= The Carpentered Hen and Other Tame Creatures =

1958 poetry collection by John Updike

First edition (publ. Harper & Brothers)

The Carpentered Hen is the first poetry collection and first published book by John Updike, published by Harper in 1958.

==Composition==

===Light verse===
Updike remarked in an interview collected by the Poetry Foundation that "I began as a writer of light verse, and have tried to carry over into my serious or lyric verse something of the strictness and liveliness of the lesser form." The poet Thomas M. Disch noted that because Updike was such a well-known novelist, his poetry "could be mistaken as a hobby or a foible"; Disch saw Updike's light verse instead as a poetry of "epigrammatical lucidity." His poetry has been praised for its engagement with "a variety of forms and topics," its "wit and precision," and for its depiction of topics familiar to American readers.

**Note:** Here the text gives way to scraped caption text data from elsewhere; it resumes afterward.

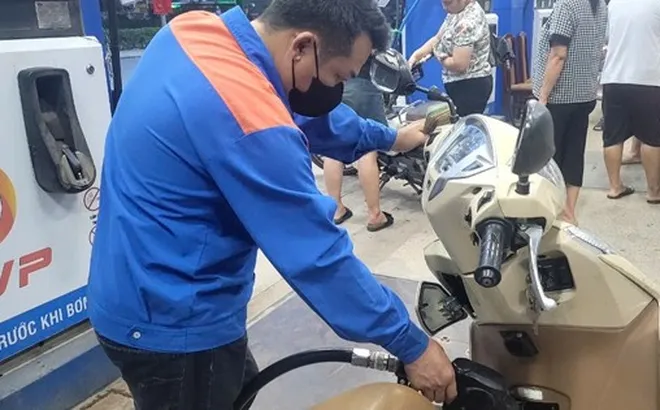 Diễn biến mới trên thị trường xăng dầu, xuất hiện bán cầm chừng dầu diesel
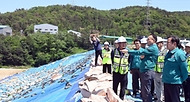 이한경 행정안전부 재난안전관리본부장이 18일 경북 경주시 왕신저수지 재해복구사업 공사현장을 방문해 재해복구사업 추진점검 및 공사장 안전대책 등을 점검하고 있다.
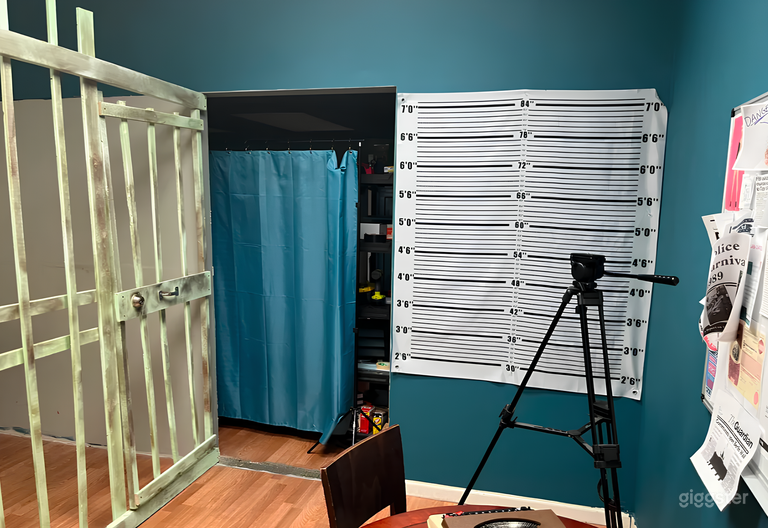 Escenario de celda de cárcel con tablero de fotos de fichas 
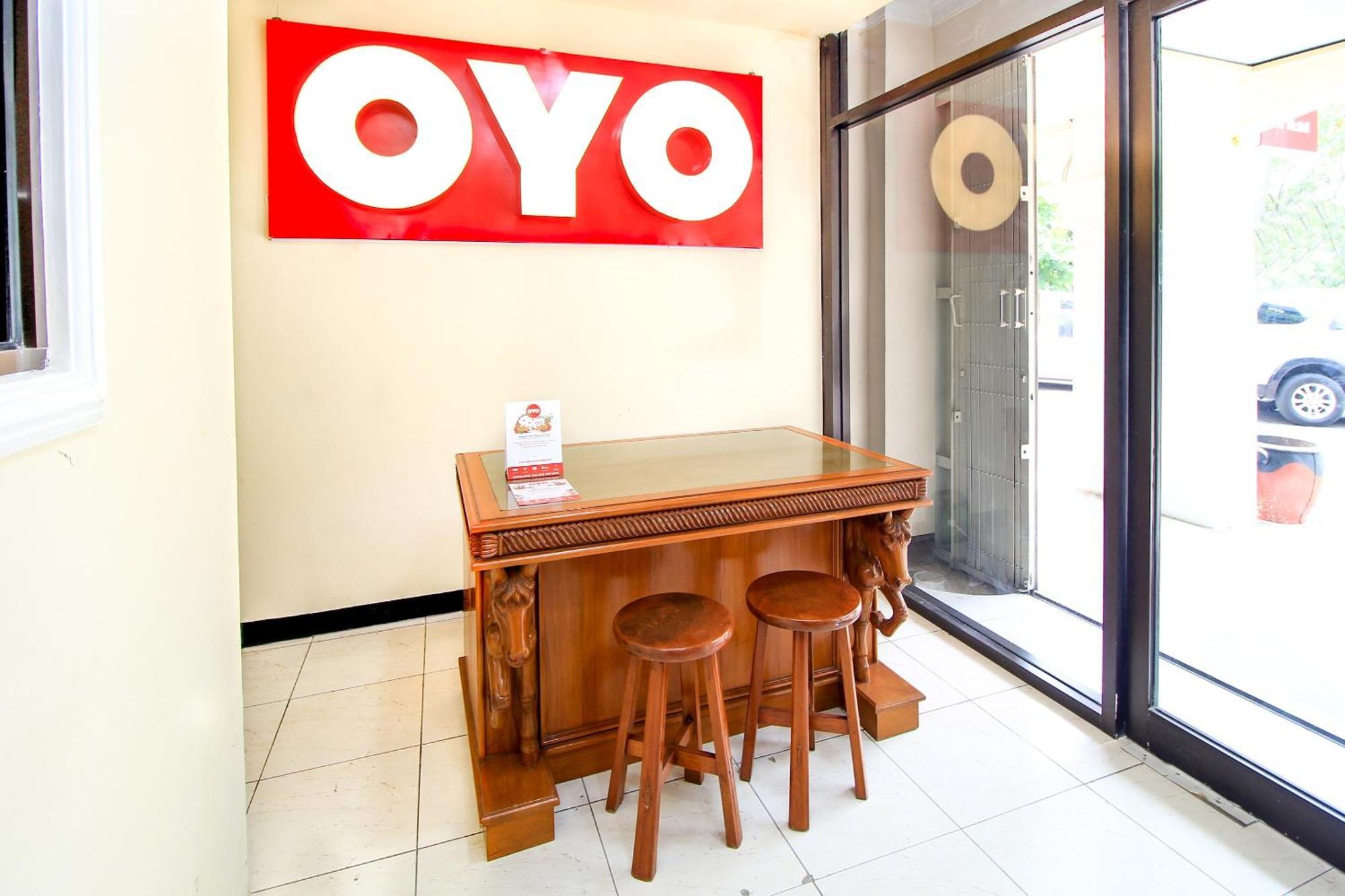 Oyo 217 A1 ホテル スラバヤ エクステリア 写真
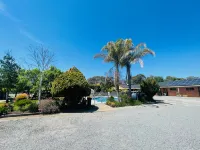 Nagambie Motor Inn and Conference Centre - parking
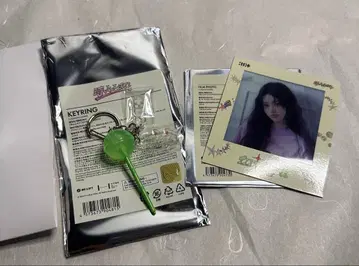 ILLIT 시간아 멈춰라 KEYRING 민주 키링, 필름 사진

==="Why the Telephone Wires Dip..."===
The collection's seventh poem, "Why the Telephone Wires Dip and the Poles Are Cracked and Crooked," is carved in full on the reverse side of the writer's gravestone.

"The old men say
young men in gray
hung this thread across our plains
acres and acres ago.

But we, the enlightened, know
in point of fact it's what remains
of the flight of a marvellous crow
no one saw:
Each pole, a caw."

==Republication==
This volume and its follow-up, Telephone Poles, was republished in a single-volume edition titled Verses. Several of the pieces in both were again reprinted in the author's collected edition, Collected Poems, published by Knopf in 1993.